*** Opening of PROVIDED DATA ***

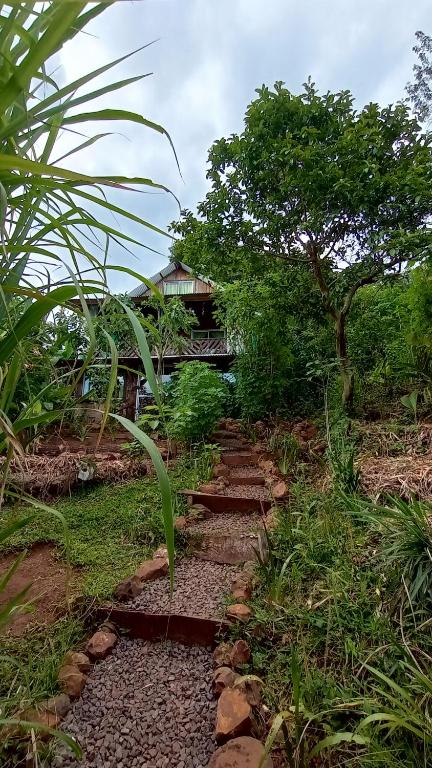 a path with rocks and a tree and a building at Cabaña Agustina in El Soberbio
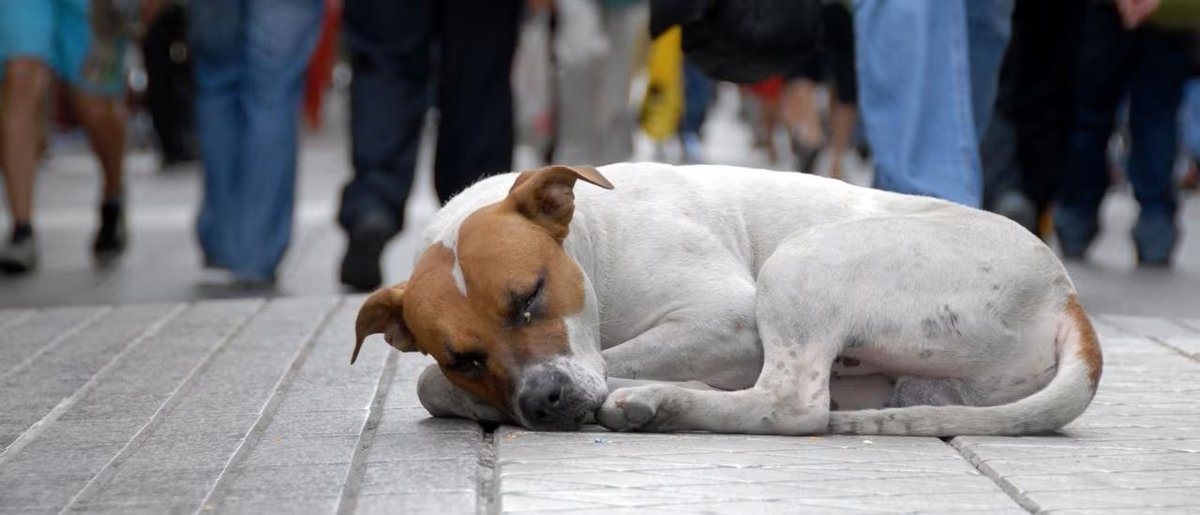 aimaasson's tweet image. NÃO SE TRATA MAIS APENAS DO ORELHA
O CASO DO ORELHA FOI SÓ UM DE MILHARES QUE OCORREM TODOS OS DIAS!

SÃO 30 MILHÕES DE ANIMAIS EM SITUAÇÃO DE RUA NO BRASIL! QUEREMOS UMA LEGISLAÇÃO QUE GARANTA PROTEÇÃO A TODOS ELES 
#CPIDOORELHA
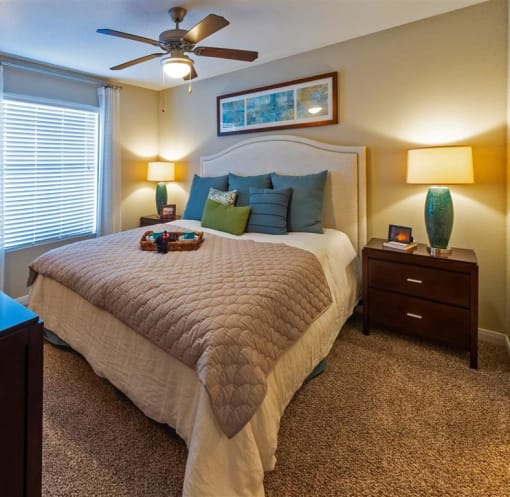 Picture of 1 & 2-Bedroom Apartments in League City, TX | Photo Gallery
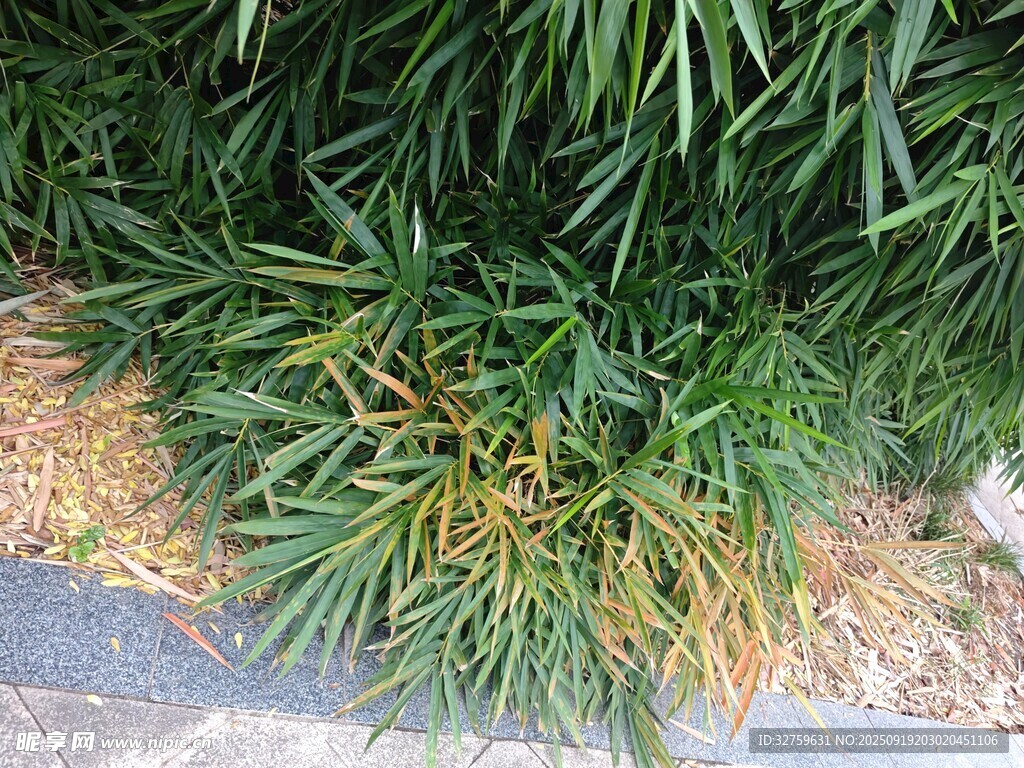 綠葉間的枯黃植物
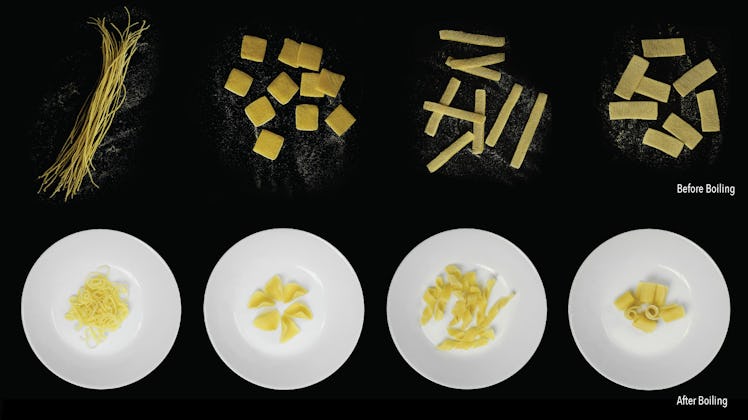 flat-packed pasta transforms into 3d shapes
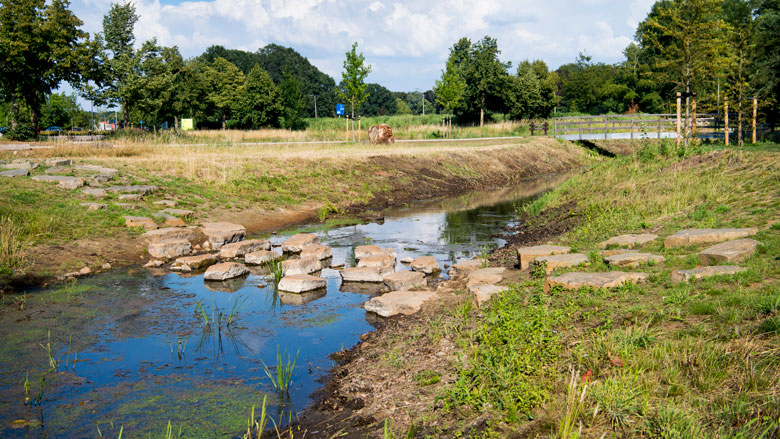 Ondanks regen nog steeds watertekort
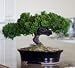 Bonsai Boy\'s Monterey - Single Trunk-Preserved Bonsai Tree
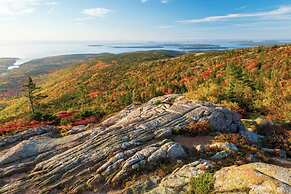 The Woods of Eden Glampground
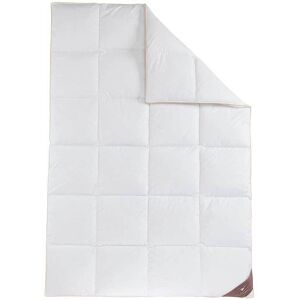 HÄUSSLING Royal donzen cassette dekbed extra warm (200 x 220 cm) HÄUSSLING Royal donzen cassette dekbed extra warm (200 x 220 cm)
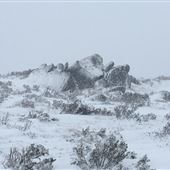 Snowy Mountains - Semi-Dry Steppes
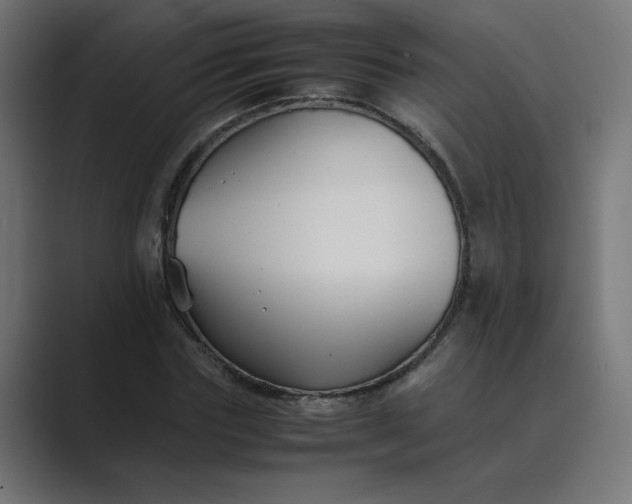 X0000089450827200706291441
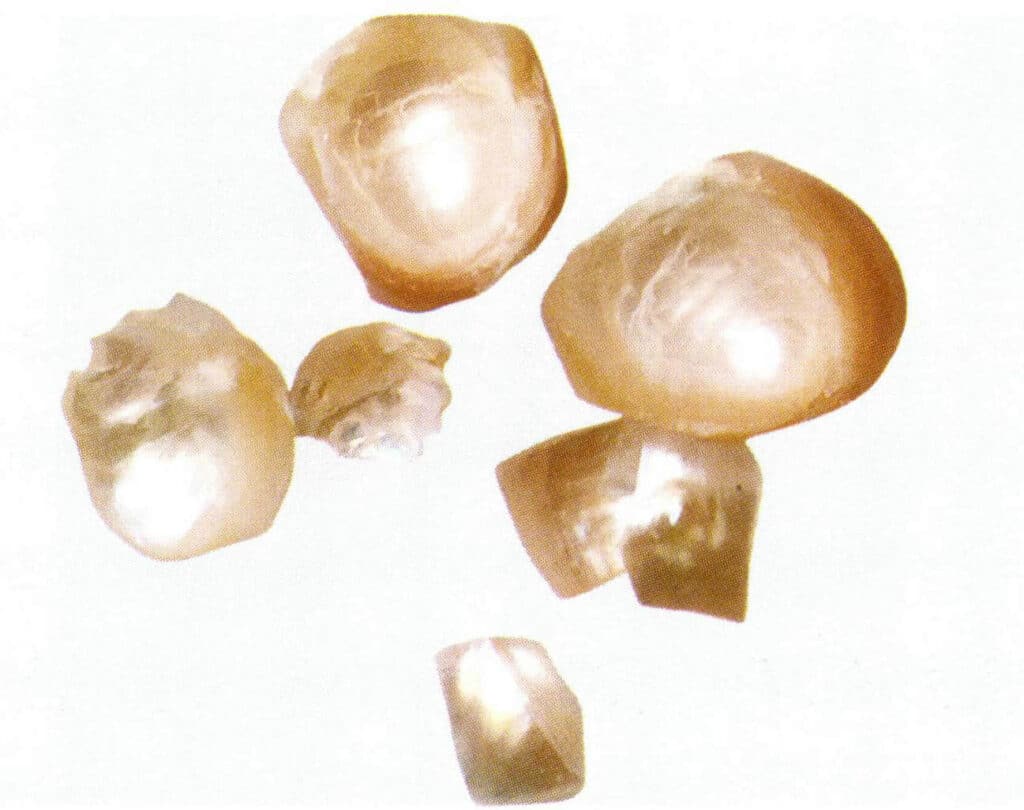 Figure 1-2-67 The concentric layered structure of the nacre layer (after breaking)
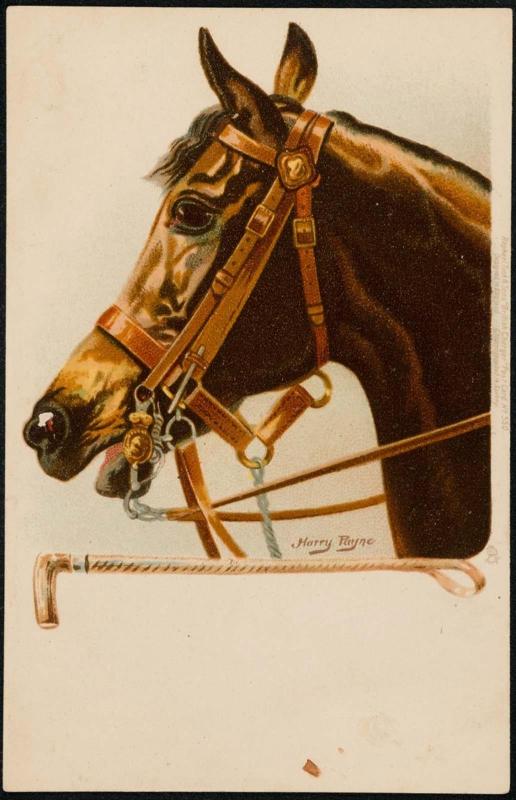 Brown horse facing left with riding whip.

*** Close of PROVIDED DATA ***

▶ **YOUR INSTRUCTIONS**:
Leave the pictures out and copy exactly the lines from the one that holds "220 cm) HÄUSSLING" through the last line of the material.

▶ **SOLUTION TO THE PROBLEM**:
 HÄUSSLING Royal donzen cassette dekbed extra warm (200 x 220 cm) HÄUSSLING Royal donzen cassette dekbed extra warm (200 x 220 cm)
 Snowy Mountains - Semi-Dry Steppes
 X0000089450827200706291441
 Figure 1-2-67 The concentric layered structure of the nacre layer (after breaking)
 Brown horse facing left with riding whip.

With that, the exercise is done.